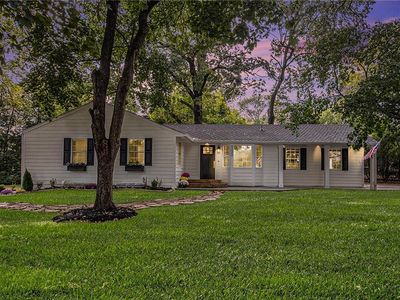 9222 Belinder Rd, Leawood, KS, 66206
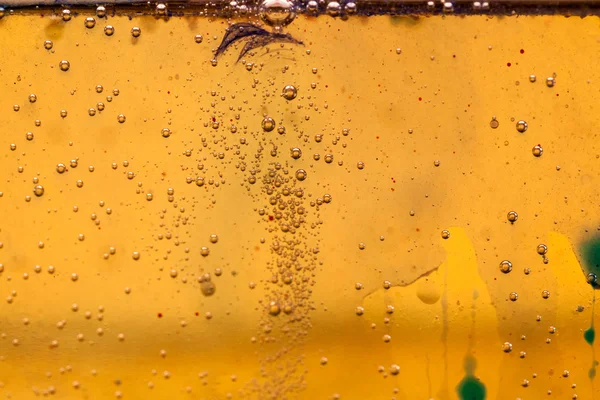 Composición abstracta con mezcla de aceite, agua y tinta colorida con burbujas —  Fotos de Stock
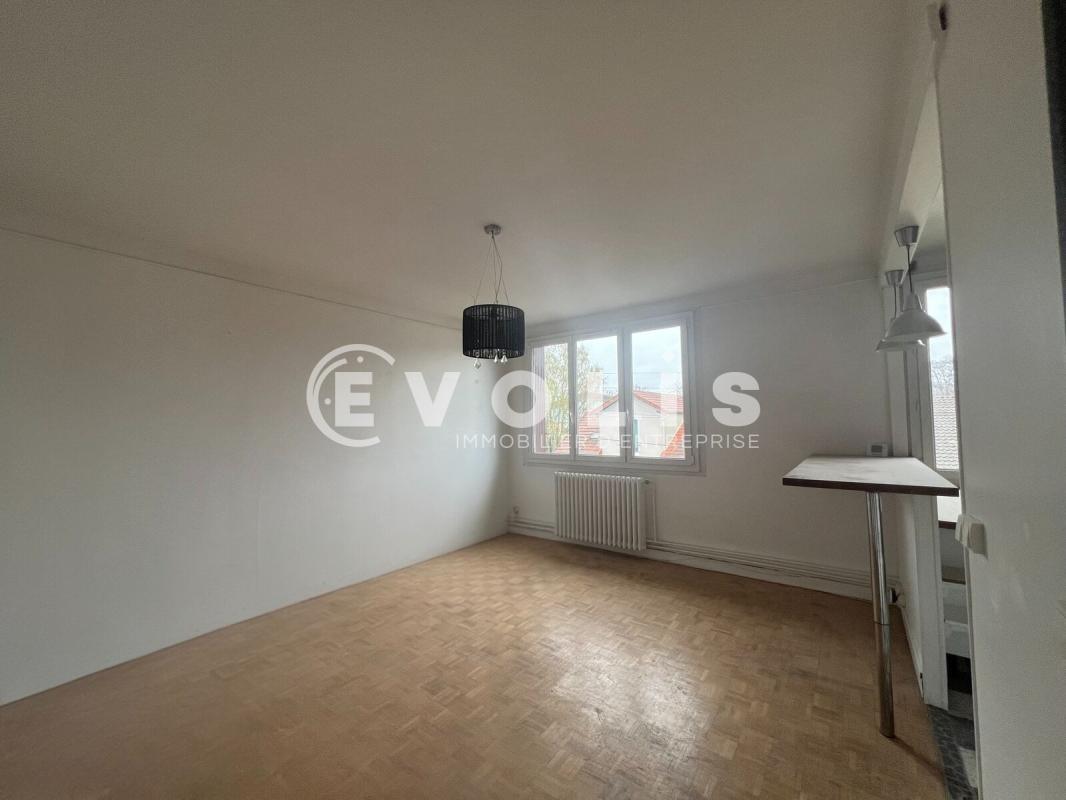 Office in Palaiseau to rent Interior Photo- Image 1 of 7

YOUR OBJECTIVE: Take the lines from the one holding "Composición abstracta con" through the final line of the listing above and copy them exactly, both ends included, with no pictures.

FINISHED EXERCISE:
 Composición abstracta con mezcla de aceite, agua y tinta colorida con burbujas —  Fotos de Stock
 Office in Palaiseau to rent Interior Photo- Image 1 of 7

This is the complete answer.